**Task to carry out**
Beginning with the first line of the data below, set down each line exactly through the line that contains "Swan Pillow Cover".

--- Material for this task Enclosed Below ---

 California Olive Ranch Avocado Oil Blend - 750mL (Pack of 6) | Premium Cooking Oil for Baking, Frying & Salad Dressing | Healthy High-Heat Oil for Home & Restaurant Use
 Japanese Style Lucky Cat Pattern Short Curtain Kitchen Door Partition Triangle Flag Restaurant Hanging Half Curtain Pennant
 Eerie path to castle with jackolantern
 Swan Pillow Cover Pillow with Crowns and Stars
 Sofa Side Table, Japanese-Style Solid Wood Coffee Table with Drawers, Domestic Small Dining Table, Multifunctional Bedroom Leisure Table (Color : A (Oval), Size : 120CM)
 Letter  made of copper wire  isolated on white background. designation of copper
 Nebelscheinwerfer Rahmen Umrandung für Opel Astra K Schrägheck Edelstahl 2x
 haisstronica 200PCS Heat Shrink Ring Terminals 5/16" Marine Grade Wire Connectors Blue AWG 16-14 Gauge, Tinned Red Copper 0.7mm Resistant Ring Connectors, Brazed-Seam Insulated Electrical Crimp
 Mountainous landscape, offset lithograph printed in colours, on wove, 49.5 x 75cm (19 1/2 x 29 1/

--- End of Enclosed Material for this task ---

**Answer space**
 California Olive Ranch Avocado Oil Blend - 750mL (Pack of 6) | Premium Cooking Oil for Baking, Frying & Salad Dressing | Healthy High-Heat Oil for Home & Restaurant Use
 Japanese Style Lucky Cat Pattern Short Curtain Kitchen Door Partition Triangle Flag Restaurant Hanging Half Curtain Pennant
 Eerie path to castle with jackolantern
 Swan Pillow Cover Pillow with Crowns and Stars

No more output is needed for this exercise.